Chamber Made have long been shaking up Melbourne’s performing arts scene, constantly challenging and surprising audiences with what live art can entail, particularly in the realms of music, sound, and contemporary performance. Their latest project, Listening Acts, was a series of works - some live, some recorded - that reshape how we respond to aural experiences and technology, and how these elements connect to memory and identity. The three live performances in this program each carve out a distinct realm, yet together, they form a fluid, thought-provoking journey through acoustic textures that pushes the boundaries between audience and performance.

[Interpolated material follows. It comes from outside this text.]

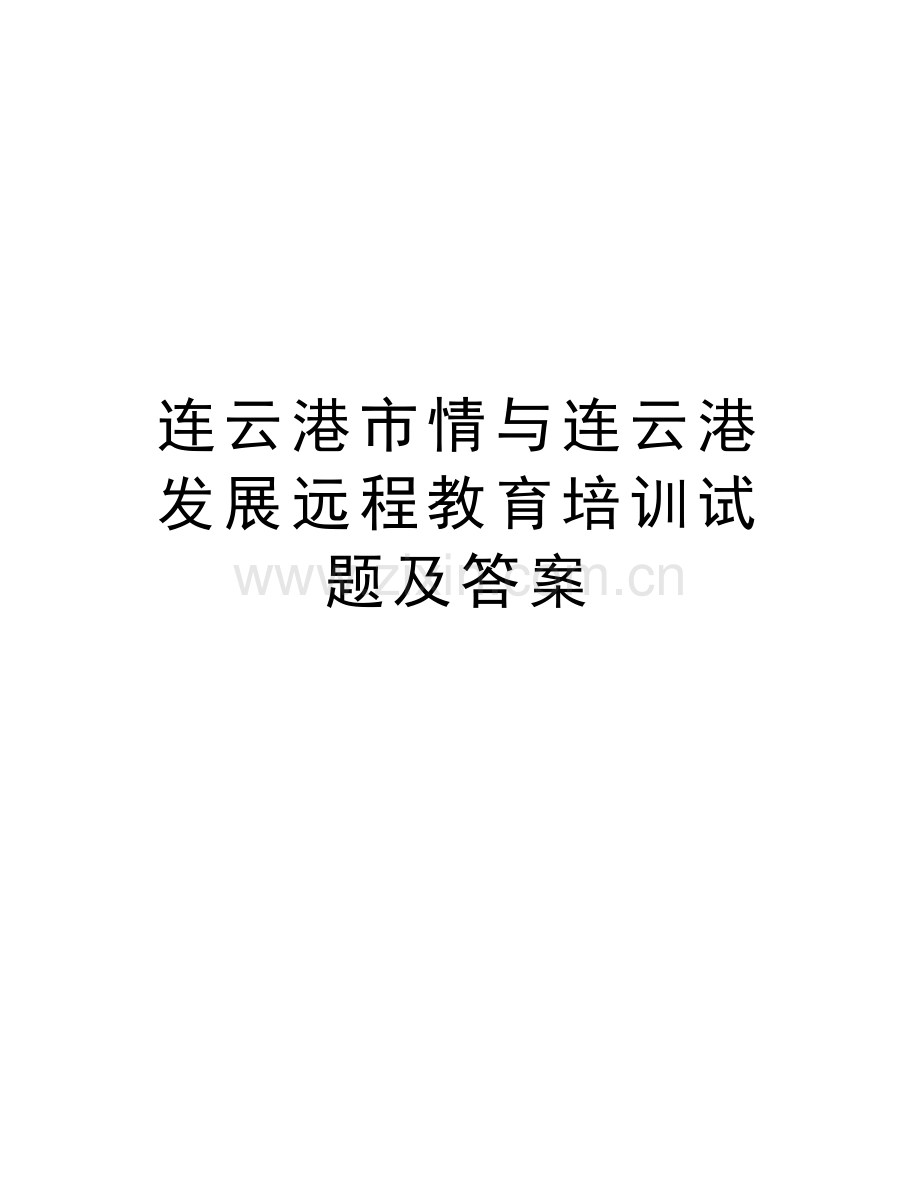 连云港市情与连云港发展远程教育培训试题及答案教案资料.doc_第1页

Aviva Endean's Tactile Piece for Human Ears is an exquisite meditation on sound and perception. Three binaural dummy heads, equipped with microphones, “hear” audio created via the custom ‘Hear Muffs’ that twist and transform the way we normally process sounds. These altered waves are then streamed directly to each audience member’s Bluetooth headphones. In the opening moments, Endean covers the dummy head’s ears, and the resulting noise feels like I'm rushing through the sky with the wind blowing in my face. It presents an invitation to enter with a clean slate and simply exist in the present as Endean interacts with the heads, generating a variety of sounds.

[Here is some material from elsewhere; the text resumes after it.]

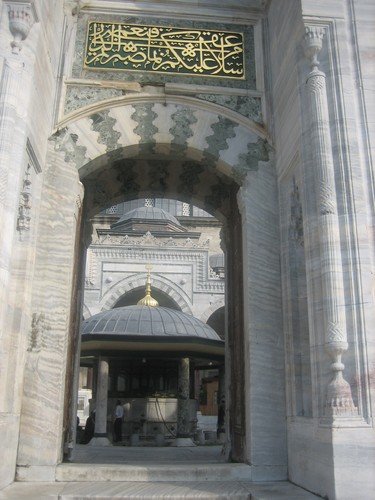 with Quranic verses in the Images Of Quranic Verses. with Quranic verses in the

The second work, Song to the Cell by Biddy Connor, is a duet by human and machine. Connor performs alongside an IV machine and a Doppler ultrasound, their beeps, hums, and rhythms echoing the sounds she came to know intimately during her cancer treatment in 2020. Connor pairs this with her voice, bringing melody and words into the mechanical, transforming clinical tones into something tender and human. What begins as a memory of illness becomes a contemplation on reliance, fragility, and survival, and the strange dependency we share with the machines that keep us alive.
Closing the triptych is Alexandra Spence’s sounding forms / forming sounds, which uses sinewaves to show how sound can be felt as much as heard. These pure waves ripple through custom perspex instruments and drum skins, setting them into vibrations and turning tones into movement. While Spence starts her piece solo, it gradually expands as Connor and Endean join in, first on violin and clarinet, then on the perspex and drums, building a captivating choreography of space, objects, and bodies.

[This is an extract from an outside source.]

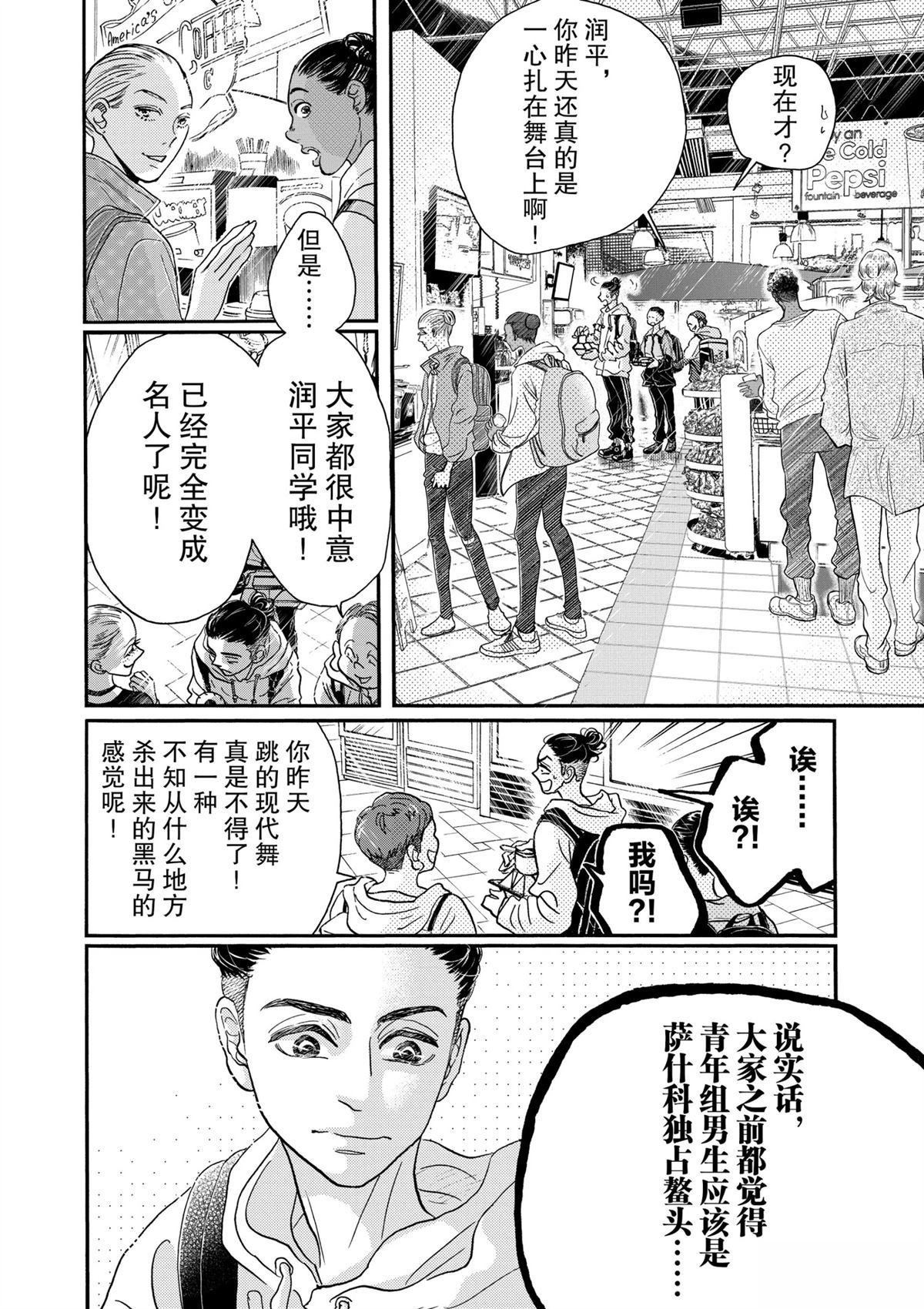 第138话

Listening Acts is an opportunity to think differently about what it means to listen. Each work stands individually, but together they move between quiet intimacy and a shared moment. Sometimes you’re tucked away in your headphones, lost in your own world of sound; at other times, you’re aware of everyone else listening with you. Sound is not just something we hear, but something we can feel, as it travels through space and intersects with technology, letting Chamber Made craft moments where sound pulses inside us, not just into us.
Listening Acts was performed at the Melbourne Recital Centre between 22 - 24 August 2025.